SORU: Hocam, 42 yaşındayım ve 6 çocuk annesiyim. 19’umda evlendim ve gelin olduğum ailede korunmak, kürtaj kesinlikle yasak. Ancak ben eşimle anlaşamıyorum, ekonomik gücüm olsa zaten bir dakika evli durmazdım. Şimdi benim ayrılmak istediğimin farkında ve üstüme düşüyor. Aramızı düzeltmeye çalışıyor ama ben vazektomi şartıyla kabul edeceğim. Çünkü artık kendi ruhsal ve fiziksel sağlığım için başka bir çıkar yol bulamıyorum. Bu tehlikeli bir işlem mi?

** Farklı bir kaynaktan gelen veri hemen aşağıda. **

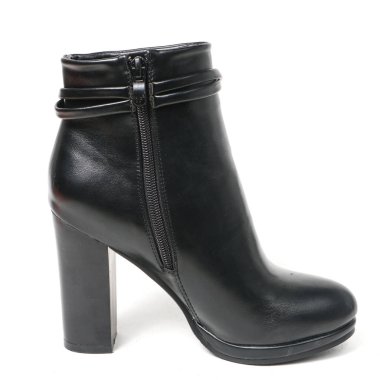 Kadın demi-sezon beyaz arka plan üzerinde izole deri ayakkabılar. E-ticaret ve Katalog için ürün stüdyoda çekim güzel fotoğraf pic.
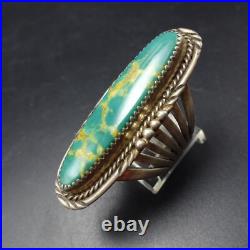 VTG Navajo WILL DENETDALE Sterling Silver TURQUOISE RING sz 9.5 Split Shank Band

CEVAP: Vazektomiyi bilmeyenler için açıklayalım; spermin geçtiği kanalların kesilmesi ya da bağlanmasıdır. Lokal anestezi altında, 20 dakika gibi bir sürede yapılan kansız, ağrısız, küçük ama geri dönüşü olmayan bir işlemdir. Erkeklik gücünde bir azalma veya değişme yaratmaz, cinsel arzuyu ve sertleşmeyi etkilemez. Bu yaşınızda 6 çocuk tabii ki çok yıpratıcı. Kendinizi düşünmeye başlamakta çok haklısınız. Ancak şunu da hatırlatmam gerekir; diyelim bu işlemden sonra da eşinizle anlaşamadınız ve ayrıldınız. Eşiniz sizden sonraki hayatında da çocuk sahibi olamaz. Dolayısıyla çok da güvenmediğiniz, mutlu olmadığınız bir evlilikte bu kararı almak için iyi düşünmelisiniz. Bunun yerine korunmanızı tavsiye edebilirim. Çünkü vazektomiyi kabul edecek adam korunmayı zaten eder. Ayrıca bence söylemeden de korunabilirsiniz. 21. yüzyılda korunmaya karşı insanlar olduğunu bilmek canımı çok sıkıyor, bu da ayrı mesele. Spermlerini saça saça dolanıyorlar. Aile ne bilecek ve bilseler de ne yapacaklar? Siz yetişkin insanlarsınız. Hayatınıza sahip çıkın.
ERTESİ GÜN HAPI KULLANDIM AMA İKİ ÇOCUĞUM OLDU
SORU: Hocam, iki çocuğum var. İkisi de doktorların önerdiği ertesi gün haplarına rağmen doğdu. Neden hiç de güvenli olmayan bu yöntem ısrarla öneriliyor?
CEVAP: İşte burada kızacağım. Ertesi gün hapı size doğum kontrol yöntemi olarak önerilmiyor. Doğum kontrol yöntemi kullanmadığınızda ya da yönteminiz çeşitli sebeplerle etkisini kaybettiğinde ek ve etkili bir tedbir olarak öneriliyor. Üstelik yüzde yüz koruma da vaat etmiyor. Riski aza indirmek için kullanıyorsunuz. Yani gebelik istemiyorsanız korunmalısınız. Ertesi gün hapına güvenmeyin. Ertesi gün hapının koruyuculuğu vardır ancak ilişkiden sonra ne kadar erken alınırsa etkisi o kadar yüksek olur. 48 saat içinde kullanılabilse de 6 saat sonra alınanın etkisi yüksektir ve 24 saat sonrasında bu etki epey düşmüş olur. Cinsel yaşamınızdaki ihmalinizin suçlusu ertesi gün hapları ya da doktorlar değil yani. Üstelik yılda 3 kezden fazla kullanmamanızı da sıkı sıkı tembihleriz. Daha ne yapalım? Ko-ru-nun.